INFORMATION GIVEN:
****
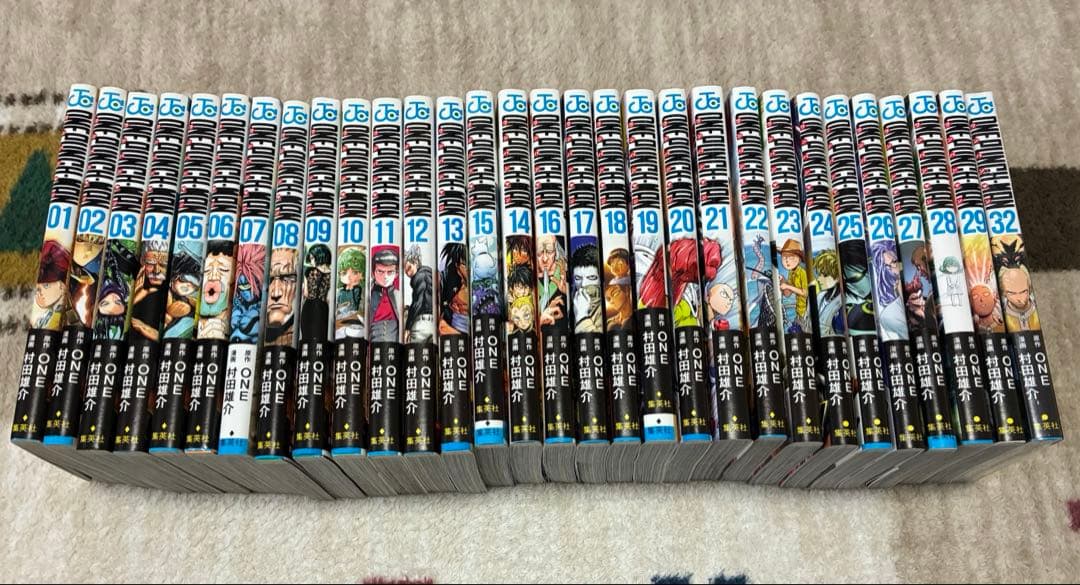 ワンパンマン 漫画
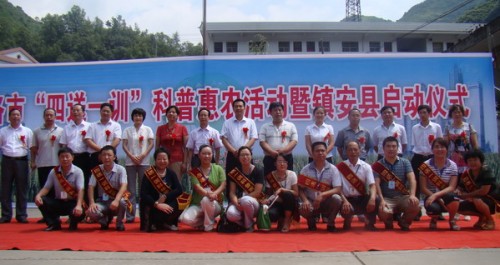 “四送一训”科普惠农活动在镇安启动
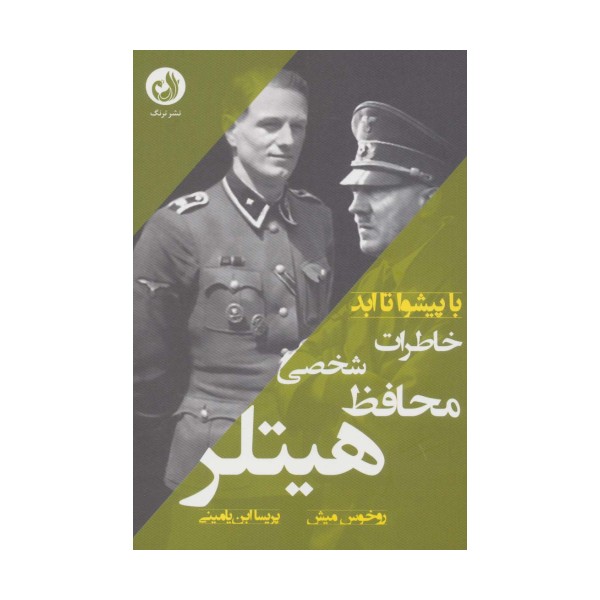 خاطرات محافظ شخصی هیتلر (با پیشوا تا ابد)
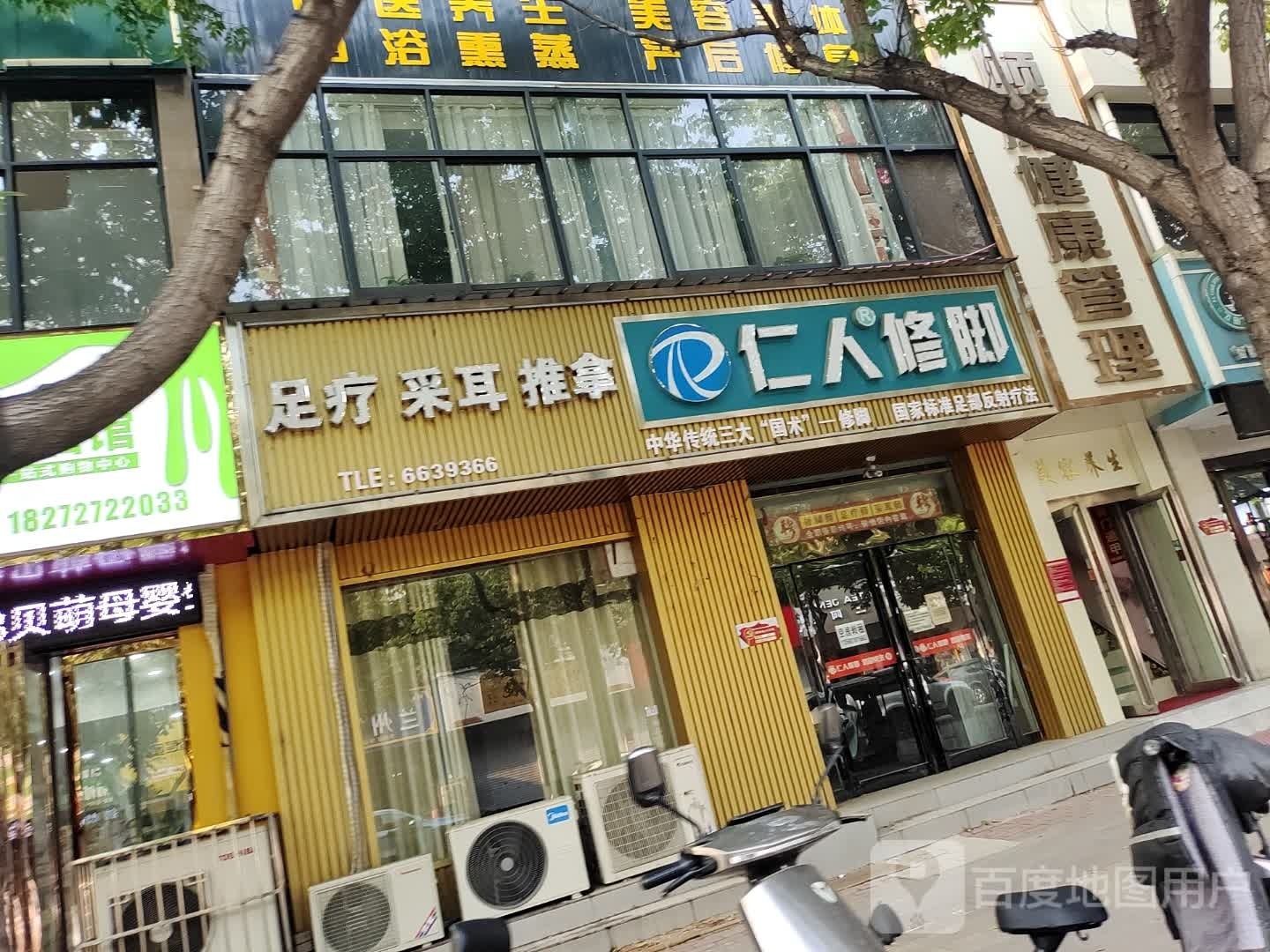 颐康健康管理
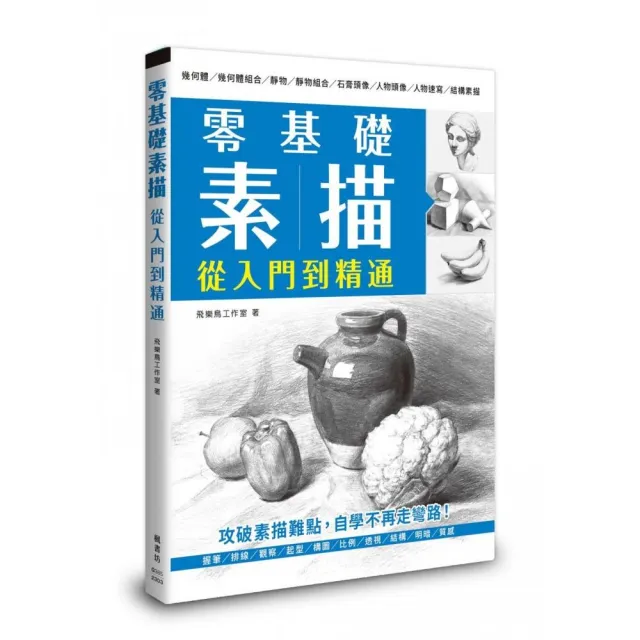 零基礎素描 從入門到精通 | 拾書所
****
WHAT YOU WILL DO: What you return must match each record exactly and contain no images.

RESPONSE TO THIS EXERCISE:
 ワンパンマン 漫画
 “四送一训”科普惠农活动在镇安启动
 خاطرات محافظ شخصی هیتلر (با پیشوا تا ابد)
 颐康健康管理
 零基礎素描 從入門到精通 | 拾書所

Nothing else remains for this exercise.